As paradoxical as it may sound, giving ourselves permission to quit reading a book can help us reach that New Year’s resolution to read more.

This is because, before we embark on a reading journey, there’s usually something we wish to get from the text in question, whether that’s wisdom, knowledge, or maybe just an enjoyable adventure tale from a foreign land. The possibilities are endless. But it’s a simple fact that some texts—even if they’ve received high praise from people we respect—just don’t give us what we wanted or needed.

Consider James Joyce’s Ulysses. Some readers say that Joyce’s magnum opus is among the greatest pieces of literature in history. And based on this near-endless praise, a few years ago I decided to give the book a read. However, I didn’t find the literary diamonds so many others claimed to have discovered. Ulysses didn’t seem to do a whole lot.

And I wasn’t alone. Virginia Woolf—one of the great modernist writers and author of Mrs. Dallowayconfided in her diary about Ulysses, writing: “I … have been amused, stimulated, charmed interested by the first 2 or 3 chapters—to the end of the Cemetery scene; & then puzzled, bored, irritated, & disillusioned as by a queasy undergraduate scratching his pimples.”

Days later, she put down another flourish about Joyce’s novel: “Never did I read such tosh. As for the first 2 chapters we will let them pass, but the 3rd 4th 5th 6th—merely the scratching of pimples on the body of the bootboy at Claridges. Of course genius may blaze out on page 652 but I have my doubts. And this is what [T.S.] Eliot worships. …”

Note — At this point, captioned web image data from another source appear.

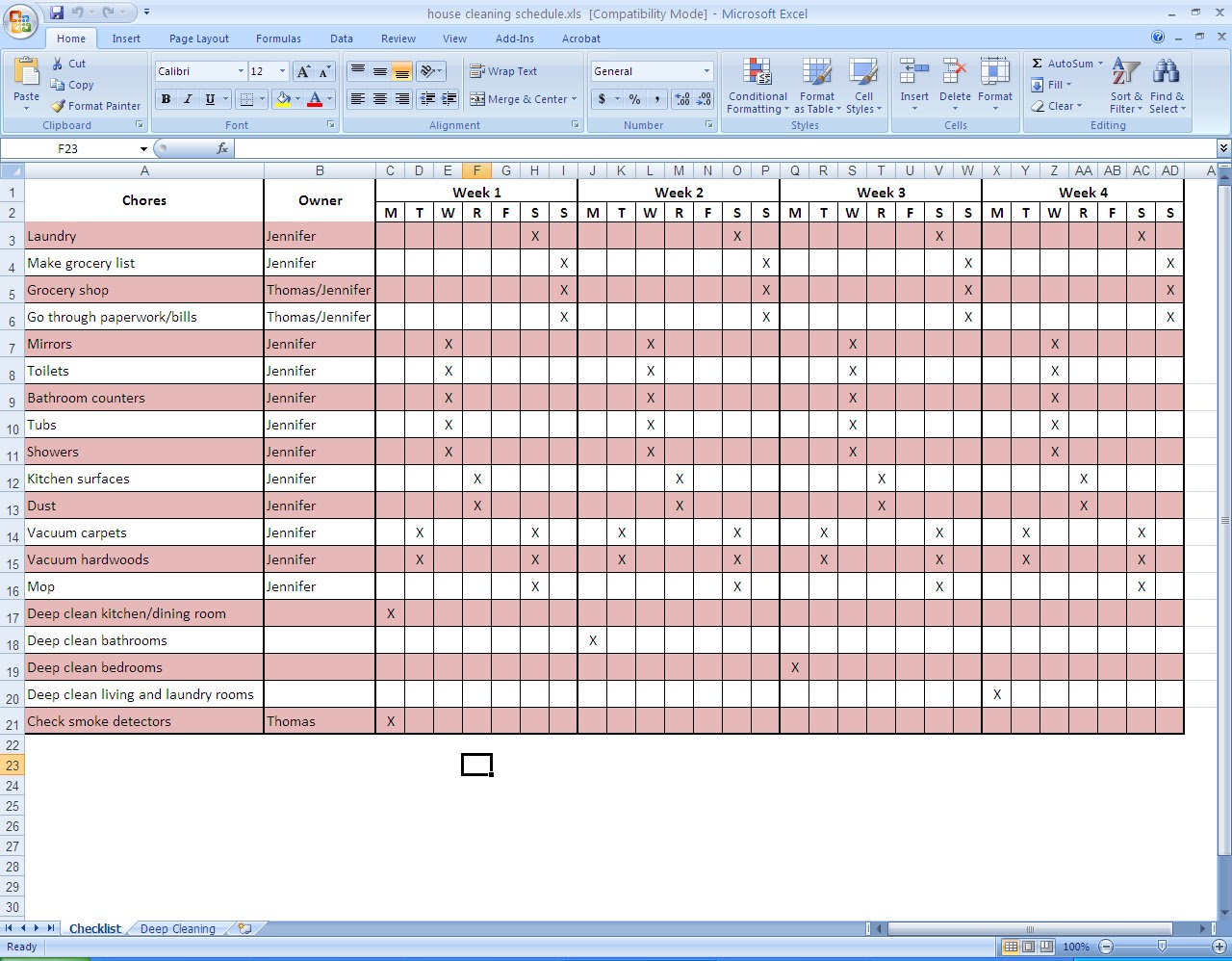 house cleaning schedule template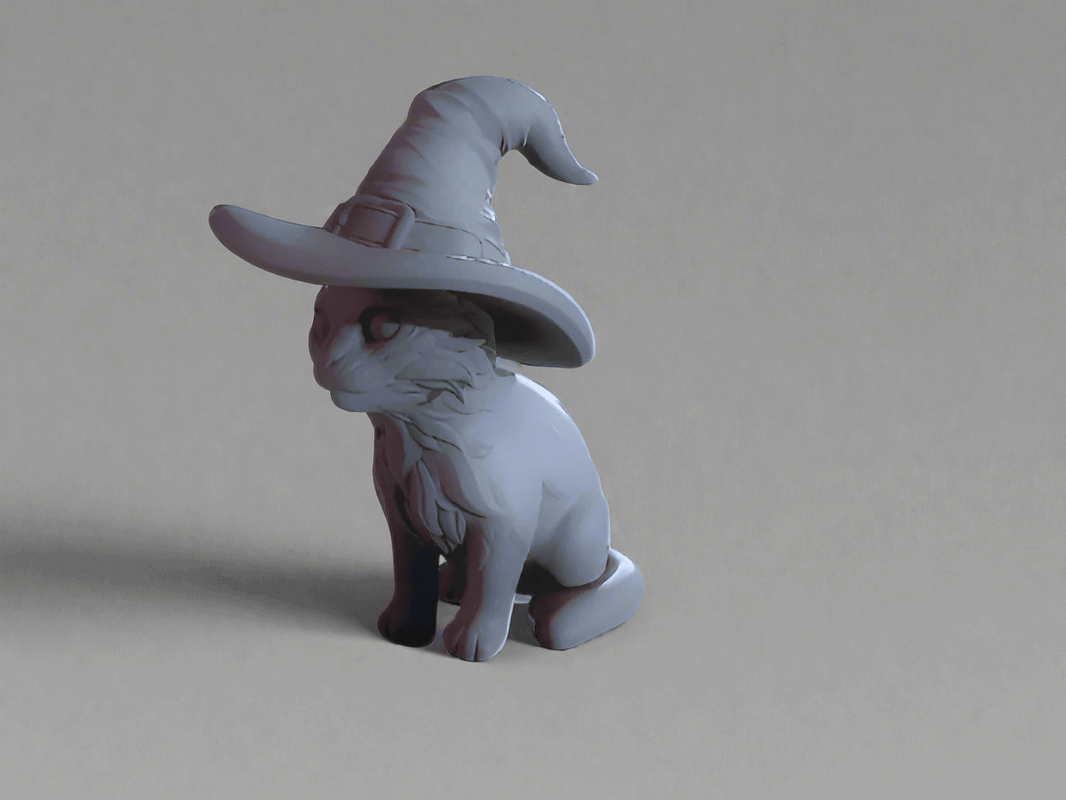 Decorative Cat Figurine with Witch Hat, Grey Kitten Statue - Celestial Crafts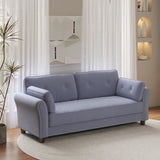 ZUN 2067 Sofa Armrest with Nail Head Trim Backrest with Buttons Includes Two Pillows 79" Grey Velvet W127846492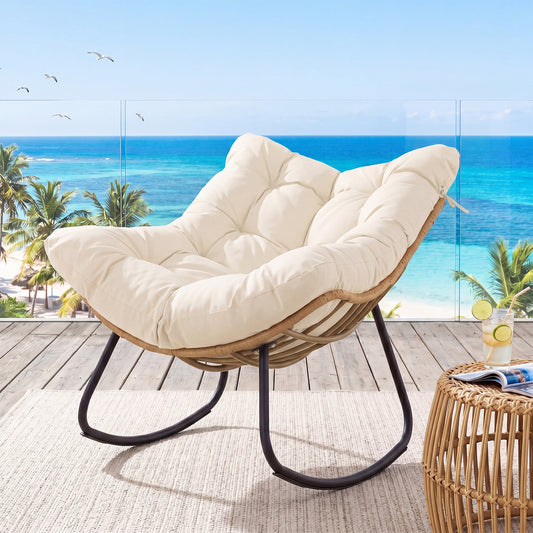 Outdoor Papasan Rocking Chair Oversized PE Wicker Patio Egg Chair with Thick Cushion-White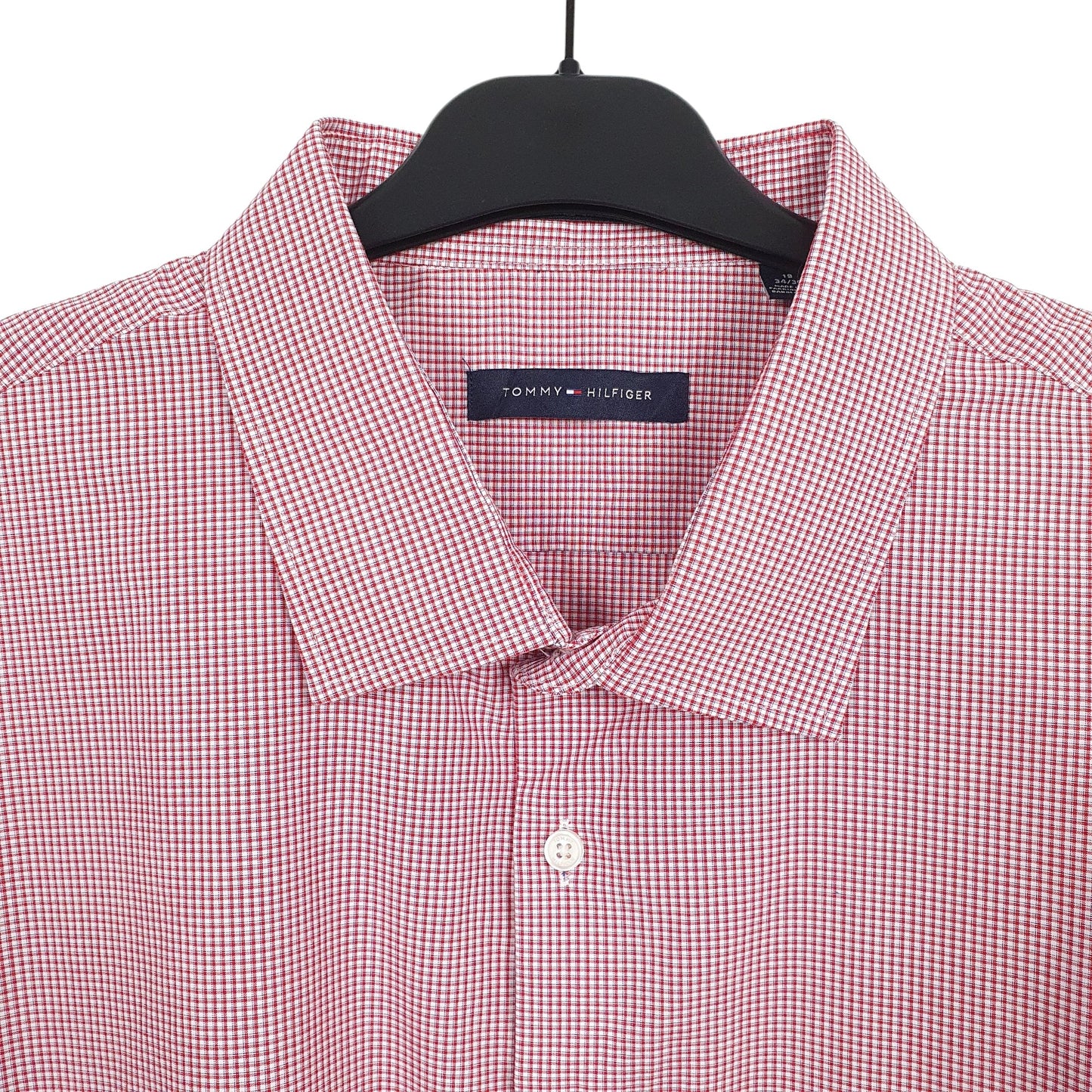 Tommy Hilfiger Short Sleeve Regular Fit Check Shirt Red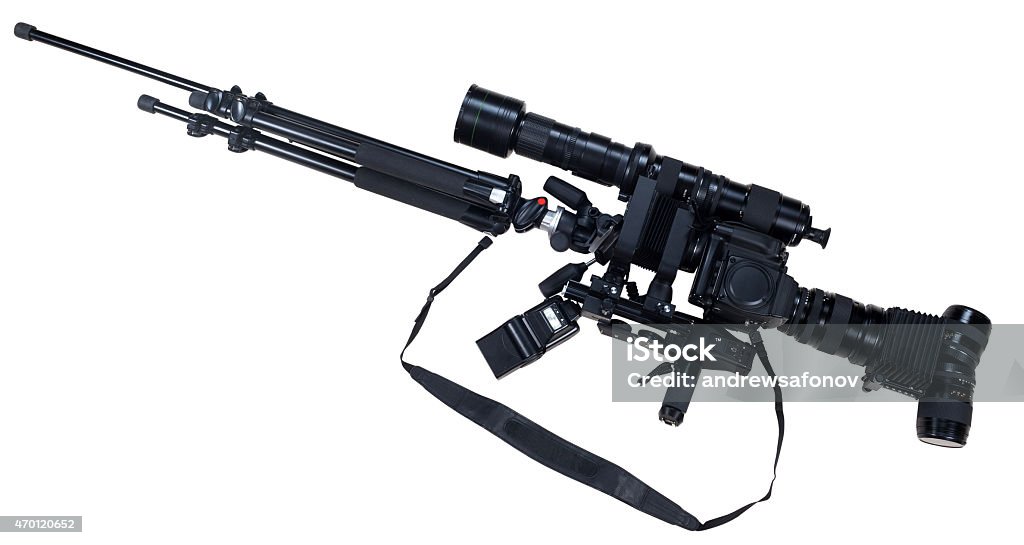 Photographic Rifle Creative Rifle From Cameras Isolated On White Background Stock Photo ...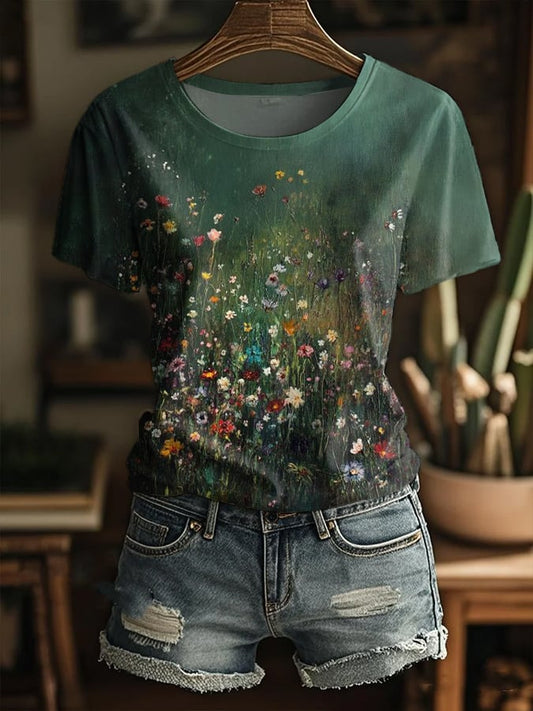Women's Retro Casual Forest Wildflowers T-shirt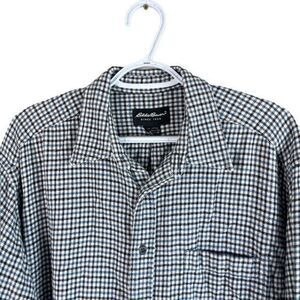 Vintage Eddie Bauer Soft Flannel Shirt Mens XL Blue Plaid L/S Cotton‎ Button Up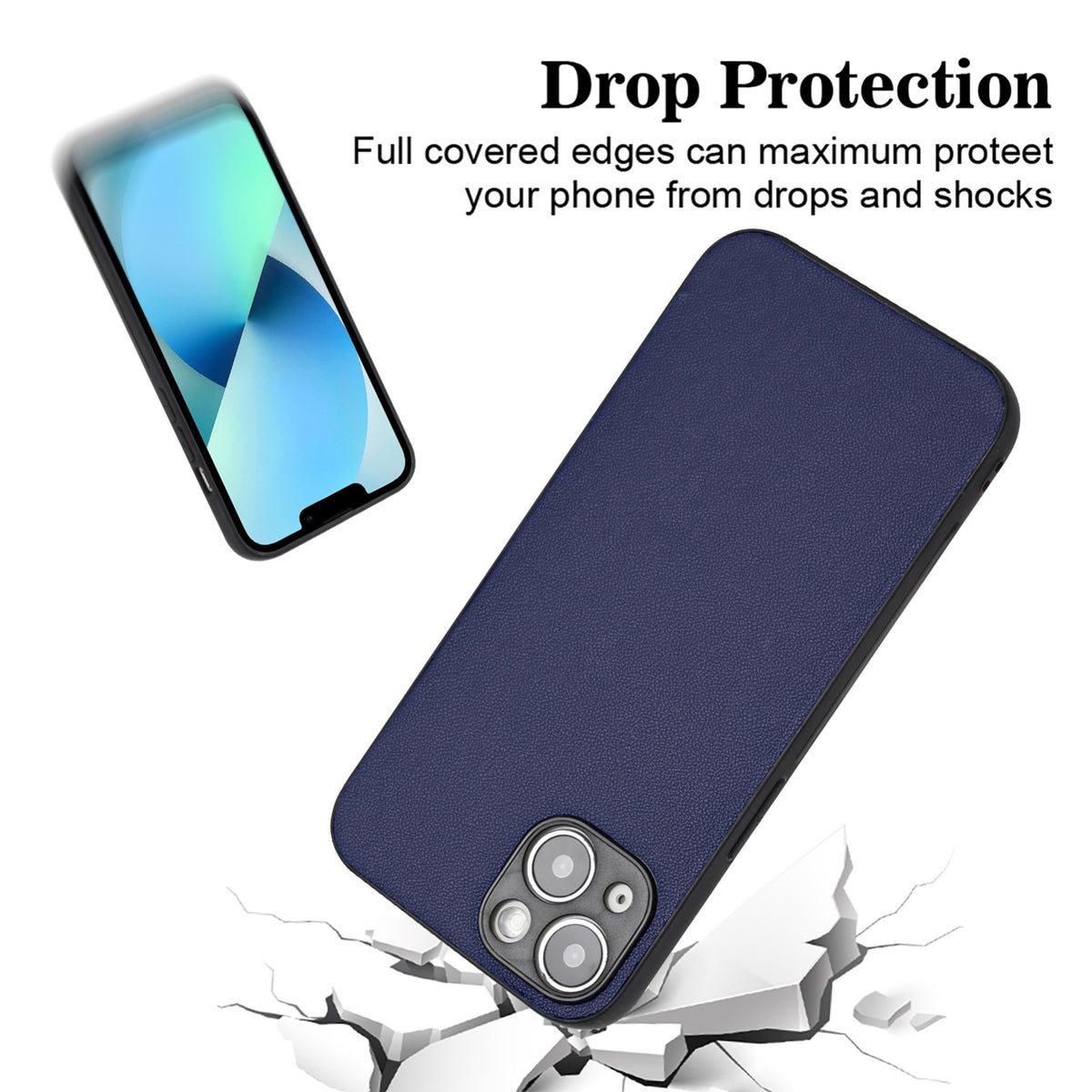 ELECTROPRIME For iPhone 15 R20 Leather Pattern Phone Single Case(Blue)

According to Woolf’s diary entry, she made it to page 200 of Ulysses before taking a temporary break. I didn’t even make it that far. But Ulysses taught me something important about reading: It’s okay to quit a book if it’s not for you.

After all, even good books aren’t beneficial to every person at every time. (An excellent book on motherhood, for example, won’t do much for a pre-tween boy.) So, while some of us might benefit from the perseverance and loyalty displayed in Ulysses, others might find it monotonous and unhelpful.

As I’ve written previously, the most valuable currency we have access to is our time, and it’d be a pity to waste any of it by forcing ourselves to labor over a text we’re not gaining from. After all, the act of reading should be enriching—either because it entertains us or because it builds us in some way. If a book doesn’t do one of those things and we decide to put it down, we shouldn’t feel as if we’ve failed. Even the literary greats—such as Virginia Woolf, Charles Dickens, and F. Scott Fitzgerald—have likely put down books they didn’t find worthwhile.

Still, some people absolutely refuse to quit a book once they’ve started reading. For them, to quit a book means to concede defeat, and it doesn’t feel good to be defeated. It’s no wonder that some readers, after finishing a particularly lengthy book, proclaim that they’ve “conquered” it. But while there’s something to be said for some literary perseverance and reading difficult books, it’s worth remembering that reading something is usually better than reading nothing—even if that means abandoning one book to read something else instead.

As the New Year pushes on, remember that it’s okay to quit reading a book that we expected to be good. Our time is precious—and so is the literature we choose to read.